Fields are labelled using a single string of text:

<<field:FieldName>>

where FieldName is a user specified name for the field. Field names should ideally be unique through the document, but MUST be unique within a covering record.

A field can be marked as required by settings required=”true” (or simply adding required). This implies that if a record is missing such a field it is invalid and should be discarded.

Fields may have a default value, set using defaultValue=”value”. This is useful in cases where the author is liable to omit the value, but it can be safely provided.

A more powerful feature for focused extraction is provided by attaching regular expression to a fields, using regex="[^|]*(?=\s)". This allows fields to extract only part of the data within the structural element (table cell) in which they are contained. Care needs to be taken in escaping the regex, which should be treated as if it were in HTML, e.g. use &gt; for >.

Fields can also repeat, so multiple instances of the field occur in the record. This can be used to take all the items in a list, or all the paragraphs in a table cell. This replicates some functionality of repeating records but in some cases it is more appropriate to repeat the field within the record. To indicate a field can repeat add repeat="true" (or simply repeat) to the field.

Some example field markup:

<<field:name>>
<<field:ip regex="\d{1,3}\.\d{1,3}\.\d{1,3}\.\d{1,3}" >>
<<field:name defaultValue=”Joe Bloggs” >>
<<field:rank required >>

Creating a Configuration File

Next, you will need to run a Baleen pipeline to convert the template document into a template configuration file. A sample pipeline for doing this is as follows (refer to the Javadoc for full details):

collectionreader:
  class: FolderReader
  folders:
  - ./recordDefinitionInput

annotators:
- templates.TemplateFieldDefinitionAnnotator
- templates.TemplateRecordDefinitionAnnotator

consumers:
- class: template.TemplateRecordConfigurationCreatingConsumer
  outputDirectory: recordDefinitions

Processing Documents

Now we have our configuration file, we can use it to process documents conforming to the template. For instance:

collectionreader:
  class: FolderReader
  folders:
  - ./documents

annotators:
- class: templates.TemplateAnnotator
  recordDefinitionsDirectory: recordDefinitions

The TemplateAnnotator annotates the actual document (JCas) with the new Record and Field types. Since multiple templates can be used within the same pipeline, that is multiple record annotators with different template definitions as input, record annotations are given a source attribute to allow other annotator to understand their provenance.
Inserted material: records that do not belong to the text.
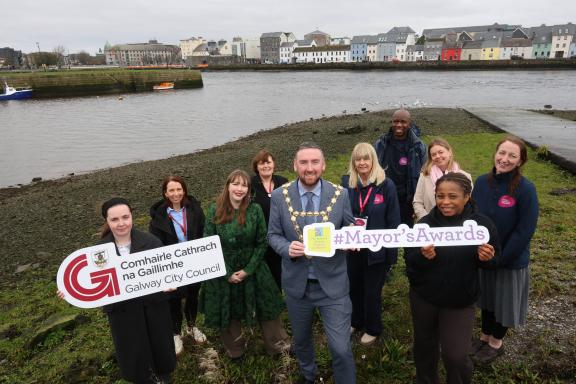 GCC Staff and Mayor standing at the Claddagh Basin holding up the Galway City Council Logo. The long walk is behind them.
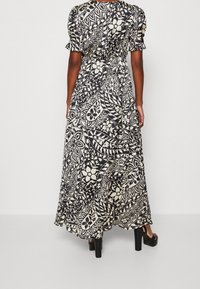 NAF NAF Maxiklänning - black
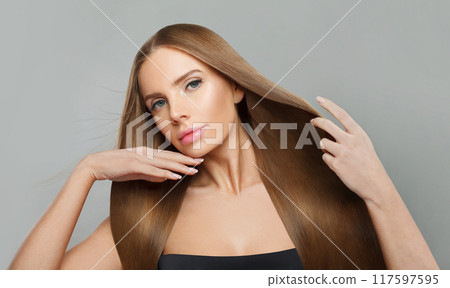Charming female model brunette with long hair and natural make-up posing isolated  117597595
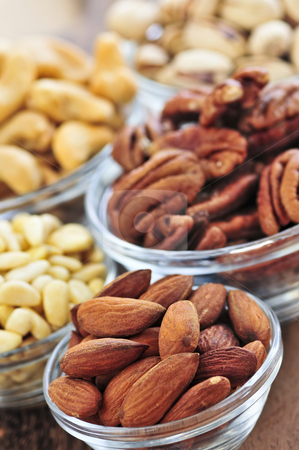 To use this stock image in your creative project, please select the size you need over to the right and click the "Add to Cart" button.
Your downloaded image will come with the Cutcaster watermark removed so don’t worry about the watermark you see on this page. Bowls of nuts stock photo, Almonds, cashews pistachio and pine nuts in glass bowls by Elena Elisseeva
Downstream annotators will need to be aware of Record and Field annotation types if you wish to exploit these in your pipeline (for instance the annotators under the uk.gov.dstl.baleen.annotators.templates package). Alternatively, one of the template consumers could be used to output the annotated document to, for example, Mongo and a second pipeline could then ingest the data from Mongo and process only the relevant fields.